I am not looking at the years just yet.
Uranus is on its side, which is a funny thing to say since it lives in space where there is no real top or bottom or edges, but they mean its pole faces (or doesn’t face) the sun. In other words, if Earth is on a 27% tilt, Uranus is on a 97% tilt.
(I don’t like giving out incorrect information and the percentages I gave you above came from memory, so excuse me for a second as I take a break from this stream of consciousness to check my facts.)
- The Earth’s axis is tilted about 23.5 degrees
- Uranus is tilted at an angle of 98 degrees
(Ok, so I was pretty close. I wish I could remember where Elliot’s library books are.)
There are four seasons on Uranus. But it takes 84 Earth-years for Uranus to orbit the sun. That means each season on Uranus is 21 years long.
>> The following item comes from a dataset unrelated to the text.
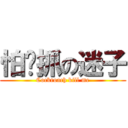 怕嘎抓の迷子 (Cockroach kill me)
During winter, the pole not facing the sun doesn’t see light for 21 years.
I guess summer isn’t all that bad.
People smarter than me are pretty sure Uranus got knocked over sometime right after it formed. Like, it’s hanging out all normal, one pole down and one pole up (in relation to the sun, of course) and some rogue object hit it so hard, it fell off its axis. What type of object could have done such a thing to such an enormous planet?
That object must have been huge.
Recently, I was among a bunch of other moms on a playground, moms I didn’t know. And I felt out of place and bizarre and foreign. I never know what to say to groups of people who seem to know one another or who know how to break the ice. And so I stood there hoping to blend in with the surroundings—blend in just enough to have my awkwardness not be noticed. And just as I start to feel like that’s working, like the place in which I’m standing is solid, I’m not being noticed and no one cares that I exist at all, my youngest child runs full force into my pelvic bone. A sound comes out of my mouth, a guttural sound, one I didn’t consciously mean to create at all. I think it was something like “oooooerulphurh”. I buckle at the waist, nearly fall over, but then quickly regain my composure, embrace gravity and stand upright again.
I am not sure what the years will bring me down here on Earth but there is diamond rain on a planet whose pole doesn’t see the sun for 21 years; a planet with 27 moons, rings and oceans; a planet so far from our galaxy’s heat source it’s forced to create its own diamonds in order to keep itself warm.
I hope I’m getting closer to my diamonds.